1) Whilst observing the person's performance, note down everything you think went well and everything that could have gone better.

2) Before starting the feedback, take some time to review what you have written and decide on two or three positive and negative points you will feed back to the person.

Two things are important about this stage:
  • There is no such thing as totally perfect or totally hopeless performance. There are always things that could be improved and always things that were achieved, however small. So you must have some points on either side of the balance sheet.
  • Too much feedback has been shown to be overwhelming and is likely to be as worthless as no feedback at all. This is why it is vital to cut it down to the key points. Life is a learning process, but only so much can be learned at any one time ('bite-size chunks').
3) Start the feedback by asking the person what they felt went well and not so well.

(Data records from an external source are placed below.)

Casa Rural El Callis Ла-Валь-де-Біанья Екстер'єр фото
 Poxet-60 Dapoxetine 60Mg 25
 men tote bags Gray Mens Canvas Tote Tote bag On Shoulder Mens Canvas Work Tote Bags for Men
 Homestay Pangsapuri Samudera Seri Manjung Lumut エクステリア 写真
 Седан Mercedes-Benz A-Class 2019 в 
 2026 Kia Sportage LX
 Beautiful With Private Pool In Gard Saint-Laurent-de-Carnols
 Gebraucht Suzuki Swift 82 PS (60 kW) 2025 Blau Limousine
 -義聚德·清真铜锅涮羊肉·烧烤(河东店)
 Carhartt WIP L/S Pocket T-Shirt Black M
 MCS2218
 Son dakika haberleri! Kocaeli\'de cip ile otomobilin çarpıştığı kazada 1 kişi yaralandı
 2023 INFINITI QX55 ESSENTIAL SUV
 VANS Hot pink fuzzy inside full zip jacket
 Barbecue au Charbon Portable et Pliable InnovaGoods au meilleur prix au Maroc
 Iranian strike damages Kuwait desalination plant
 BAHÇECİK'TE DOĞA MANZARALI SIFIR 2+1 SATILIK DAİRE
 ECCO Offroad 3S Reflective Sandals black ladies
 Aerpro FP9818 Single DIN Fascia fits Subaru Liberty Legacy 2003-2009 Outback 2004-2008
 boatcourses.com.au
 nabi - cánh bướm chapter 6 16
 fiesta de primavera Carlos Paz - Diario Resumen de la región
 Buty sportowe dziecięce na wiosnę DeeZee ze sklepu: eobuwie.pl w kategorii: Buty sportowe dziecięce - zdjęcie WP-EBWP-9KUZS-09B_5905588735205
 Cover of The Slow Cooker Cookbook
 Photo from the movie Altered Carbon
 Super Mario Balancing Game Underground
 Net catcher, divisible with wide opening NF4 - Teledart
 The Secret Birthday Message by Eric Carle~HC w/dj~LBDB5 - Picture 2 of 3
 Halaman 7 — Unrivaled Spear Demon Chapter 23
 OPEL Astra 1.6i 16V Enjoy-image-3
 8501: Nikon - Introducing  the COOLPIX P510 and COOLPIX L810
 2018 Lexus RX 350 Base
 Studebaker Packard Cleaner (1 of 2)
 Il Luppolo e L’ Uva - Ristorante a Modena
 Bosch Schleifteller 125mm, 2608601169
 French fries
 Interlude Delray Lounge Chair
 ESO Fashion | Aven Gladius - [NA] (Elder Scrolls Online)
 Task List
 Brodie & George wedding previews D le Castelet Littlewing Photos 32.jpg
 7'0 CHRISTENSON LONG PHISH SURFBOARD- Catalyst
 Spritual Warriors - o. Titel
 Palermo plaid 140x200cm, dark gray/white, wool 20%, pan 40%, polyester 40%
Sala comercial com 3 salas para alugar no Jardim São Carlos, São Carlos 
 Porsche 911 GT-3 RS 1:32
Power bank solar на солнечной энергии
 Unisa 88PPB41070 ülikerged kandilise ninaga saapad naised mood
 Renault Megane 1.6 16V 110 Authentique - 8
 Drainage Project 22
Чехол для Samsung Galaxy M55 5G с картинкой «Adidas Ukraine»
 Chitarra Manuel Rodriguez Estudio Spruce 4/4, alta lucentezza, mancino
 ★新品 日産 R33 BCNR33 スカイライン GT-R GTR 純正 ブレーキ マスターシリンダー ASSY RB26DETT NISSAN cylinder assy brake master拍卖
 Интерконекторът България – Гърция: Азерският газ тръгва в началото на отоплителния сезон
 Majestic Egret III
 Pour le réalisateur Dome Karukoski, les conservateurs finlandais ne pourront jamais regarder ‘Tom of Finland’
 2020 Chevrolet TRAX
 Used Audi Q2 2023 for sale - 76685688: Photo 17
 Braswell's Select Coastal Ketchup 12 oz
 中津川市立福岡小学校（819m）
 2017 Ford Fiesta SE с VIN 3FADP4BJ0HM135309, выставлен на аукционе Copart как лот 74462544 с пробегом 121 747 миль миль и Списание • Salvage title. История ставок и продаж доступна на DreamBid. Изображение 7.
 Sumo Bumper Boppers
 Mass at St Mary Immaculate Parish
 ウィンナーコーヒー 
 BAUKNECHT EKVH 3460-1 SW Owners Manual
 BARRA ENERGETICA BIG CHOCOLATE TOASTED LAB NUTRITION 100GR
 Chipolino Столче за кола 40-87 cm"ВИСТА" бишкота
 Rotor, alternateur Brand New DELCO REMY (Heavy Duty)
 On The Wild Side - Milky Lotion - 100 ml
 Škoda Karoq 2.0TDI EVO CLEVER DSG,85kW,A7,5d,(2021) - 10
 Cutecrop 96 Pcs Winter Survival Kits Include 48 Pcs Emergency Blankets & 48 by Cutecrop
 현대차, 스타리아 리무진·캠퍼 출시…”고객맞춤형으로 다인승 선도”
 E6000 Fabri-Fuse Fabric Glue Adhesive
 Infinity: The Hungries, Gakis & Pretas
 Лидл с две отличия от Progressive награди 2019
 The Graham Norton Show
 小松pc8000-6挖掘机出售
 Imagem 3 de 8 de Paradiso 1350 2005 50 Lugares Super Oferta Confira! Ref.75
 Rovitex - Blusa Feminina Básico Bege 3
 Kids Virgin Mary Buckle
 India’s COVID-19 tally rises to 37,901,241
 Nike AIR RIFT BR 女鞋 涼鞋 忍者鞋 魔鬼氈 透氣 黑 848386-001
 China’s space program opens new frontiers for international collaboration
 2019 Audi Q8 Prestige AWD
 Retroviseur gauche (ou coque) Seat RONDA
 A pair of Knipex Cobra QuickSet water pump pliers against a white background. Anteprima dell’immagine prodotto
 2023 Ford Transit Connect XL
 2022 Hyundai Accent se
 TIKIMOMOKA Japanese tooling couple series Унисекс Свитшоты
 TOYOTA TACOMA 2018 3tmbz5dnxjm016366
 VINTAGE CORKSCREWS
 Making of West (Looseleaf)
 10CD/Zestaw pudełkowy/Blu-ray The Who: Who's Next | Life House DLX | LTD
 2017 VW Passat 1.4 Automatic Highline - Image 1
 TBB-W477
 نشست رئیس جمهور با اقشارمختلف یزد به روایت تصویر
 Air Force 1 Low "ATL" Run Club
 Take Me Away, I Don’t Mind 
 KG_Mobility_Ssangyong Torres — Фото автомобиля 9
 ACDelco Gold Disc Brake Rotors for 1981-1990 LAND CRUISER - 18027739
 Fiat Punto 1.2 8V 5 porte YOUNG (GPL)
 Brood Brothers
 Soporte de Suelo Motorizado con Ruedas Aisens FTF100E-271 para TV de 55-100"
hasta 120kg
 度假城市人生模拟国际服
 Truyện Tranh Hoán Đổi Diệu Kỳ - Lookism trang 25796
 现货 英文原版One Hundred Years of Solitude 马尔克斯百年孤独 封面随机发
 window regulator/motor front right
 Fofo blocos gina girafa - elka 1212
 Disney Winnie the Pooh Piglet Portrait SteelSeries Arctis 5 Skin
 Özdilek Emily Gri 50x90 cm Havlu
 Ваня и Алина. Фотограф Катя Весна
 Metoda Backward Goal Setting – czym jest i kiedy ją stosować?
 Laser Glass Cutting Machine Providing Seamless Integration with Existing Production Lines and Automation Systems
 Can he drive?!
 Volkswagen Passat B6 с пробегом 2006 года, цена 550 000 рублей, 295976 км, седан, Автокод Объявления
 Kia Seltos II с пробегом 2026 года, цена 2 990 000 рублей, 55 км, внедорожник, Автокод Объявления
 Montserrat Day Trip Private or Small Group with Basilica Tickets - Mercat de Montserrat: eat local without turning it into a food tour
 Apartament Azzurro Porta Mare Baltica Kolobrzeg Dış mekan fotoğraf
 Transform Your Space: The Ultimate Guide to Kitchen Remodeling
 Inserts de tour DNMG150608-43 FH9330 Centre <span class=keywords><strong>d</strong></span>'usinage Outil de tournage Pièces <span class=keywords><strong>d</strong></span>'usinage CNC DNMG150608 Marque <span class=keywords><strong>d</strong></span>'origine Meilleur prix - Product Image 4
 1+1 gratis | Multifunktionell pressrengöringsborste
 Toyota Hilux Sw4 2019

This point is absolutely vital. Research has shown that people gain most from feedback that reinforces their own perceptions. If you try this approach, you will be surprised how often the other person takes most of the words right out of your mouth. It also makes it far easier for you if you can start off by agreeing with them before moving on to less certain territory, and more likely that you will take them with you when you do.

4) Having made sure the person covers both the positive and not so positive points (and not everyone does so at first) ask if they are ready to hear what your thoughts were.

A nicety perhaps, but it does give the person a chance to opt into the process or say if there is anything else that is important to them.

5) Building first on what the other person has said, start off by relaying the positive points you observed.

6) Then move on to the points for improvement, again building on what they have said. Make sure you cover all the points you decided to feed back.

7) Return to re-emphasise the positive points in the performance before wishing them well next time they try the task.

In steps 5 - 7, the idea is to build a 'sandwich' structure of positive - negative - positive which leaves the person feeling safe, but confident enough to experiment with changes in the future.

Approached in this manner, feedback situations hold no terrors for either participant and are a major factor in improving performance in any organisation.